Female Hawai'i inmates leave Colo. for Ky. prison

By Kevin Dayton
Advertiser Staff Writer

About 80 Hawai'i women prison inmates boarded an airplane in Colorado yesterday for a trip to the small rural town of Wheelwright, Ky., where they will be housed in a prison run by Corrections Corporation of America.

The women had been held for the past 14 months in the Brush Correctional Facility in Brush, Colo., a private prison run by GRW Corp. that was plagued by problems including allegations of sexual misconduct between staff at the prison and eight inmates from three states, including Hawai'i.

The inmates are among 1,828 Hawai'i convicts who are housed at privately run prisons on the Mainland because there is no room for them in Hawai'i prisons.

Howard Komori, who supervises the contract monitors for Hawai'i, said the problems at Brush may have been a consideration in moving the women, but that primarily prison officials wanted to transfer the women to a state that accepts higher-security inmates than Colorado authorities would allow in private prisons there.

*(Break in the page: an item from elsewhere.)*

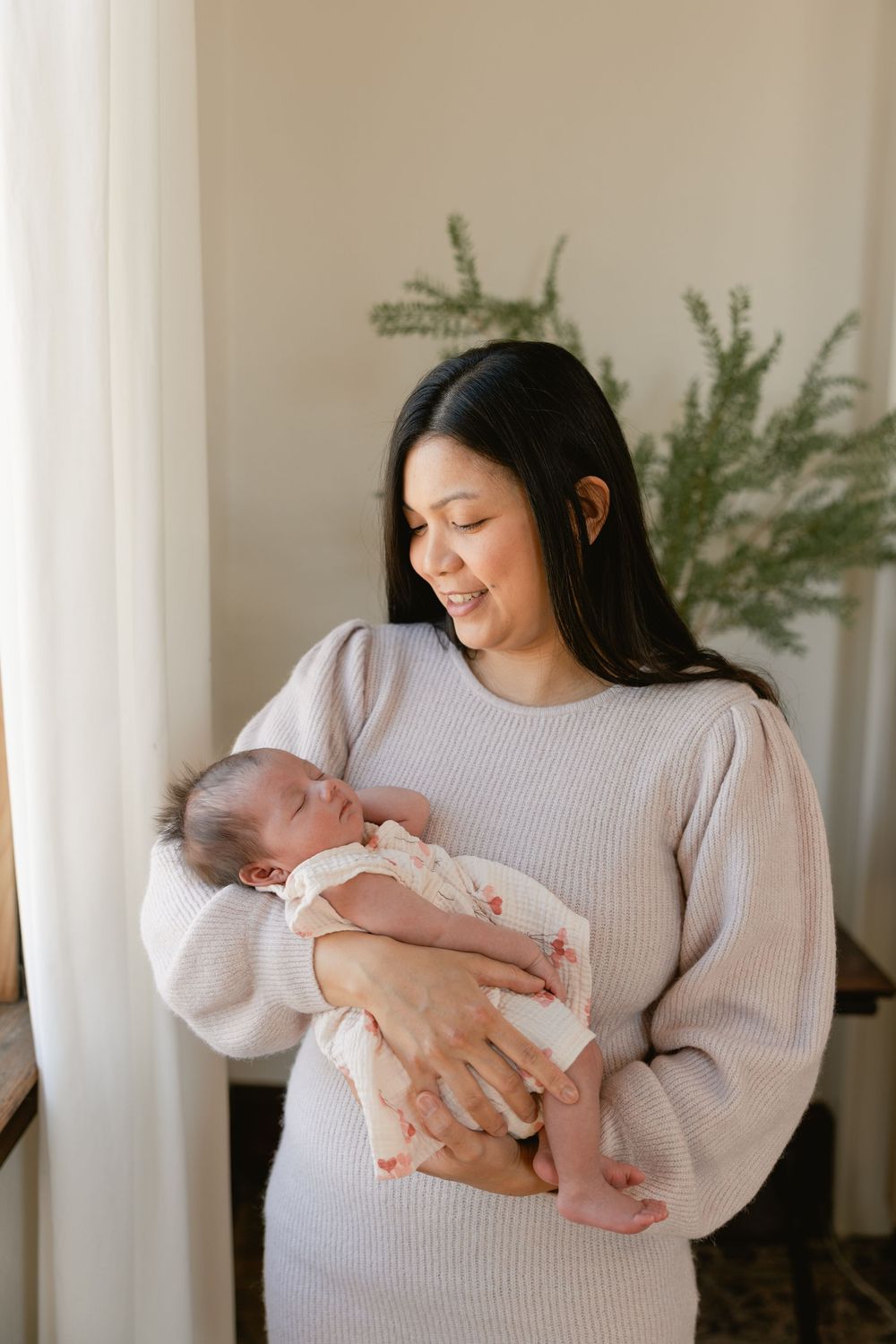 A person in a beige sweater cradles a sleeping newborn by a window with greenery.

Hawai'i will now be able to transfer higher-security "close custody" inmates to Kentucky, Komori said. Previously, the state had to house those prisoners at the women's prison in Kailua.

Colorado Department of Corrections officials launched investigations into Brush Correctional Facility earlier this year that resulted in a number of criminal charges against staff and inmates in Colorado.

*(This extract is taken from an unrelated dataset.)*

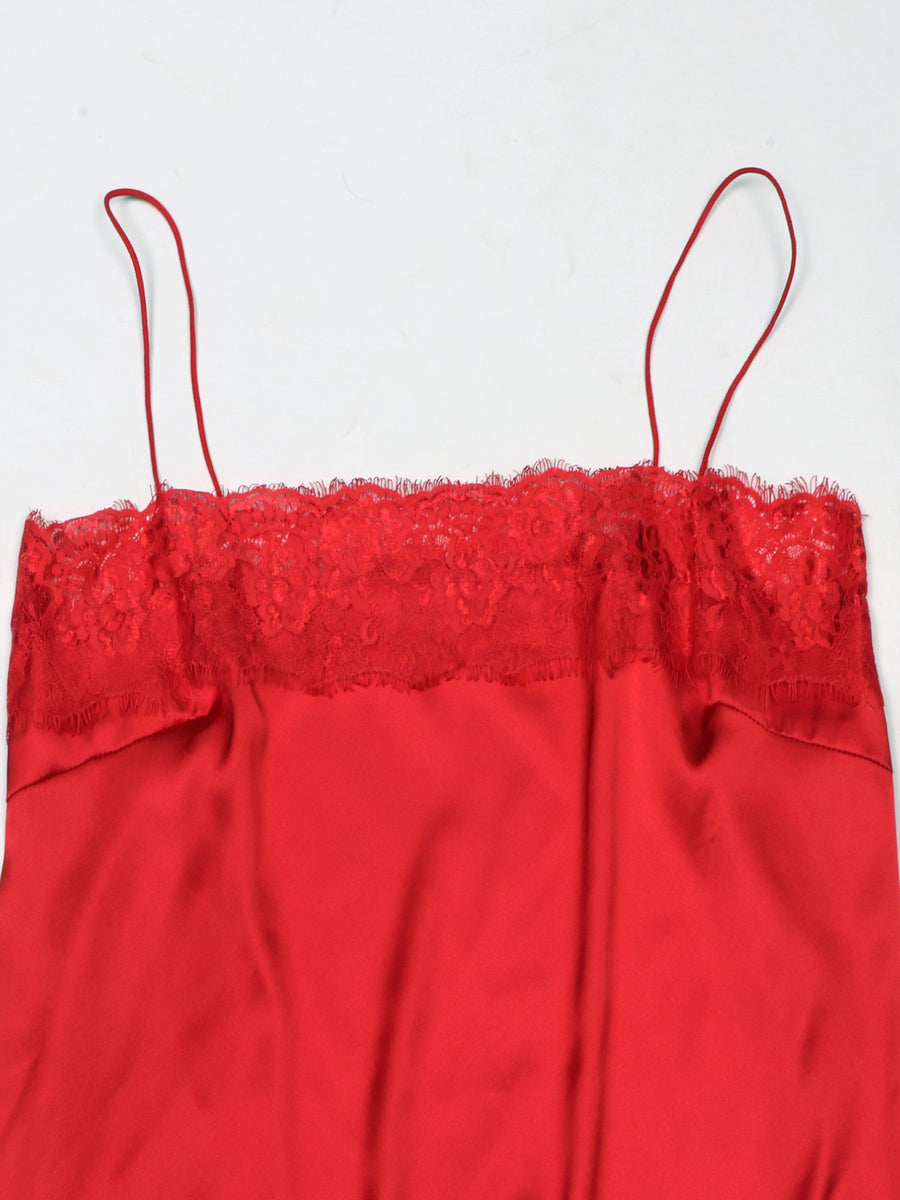 Red satin cami top with lace trim detail and thin spaghetti straps.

Two prison employees were indicted on charges of alleged sexual misconduct with inmates, and two more prison workers were charged along with five inmates in connection with an alleged cigarette-smuggling ring.

Brush Warden Rick Soares resigned in February, and was later indicted as an alleged accomplice in one of the sexual misconduct cases.

In March the Colorado Department of Corrections revealed that five convicted felons were allowed to work at the prison because background checks on some staff members had never been completed.

Colorado authorities later released an audit that was highly critical of the prison, and contract monitors from Hawai'i reported the prison failed to comply with its contract with the state in a number of areas.

GRW officials have said they made a variety of management and other changes at Brush since the problems began.

Hawai'i paid GRW Corp. about $52 per day per inmate to hold women prisoners in Colorado, and Department of Public Safety spokesman Michael Gaede said the state will pay the same amount to CCA in Kentucky under an interim one-month contract.

The Hawai'i inmates will join 400 women inmates from Kentucky at the 656-bed prison.

The Kentucky prison will offer educational classes, rehabilitation programs and more extensive drug treatment than was available at Brush, Komori said.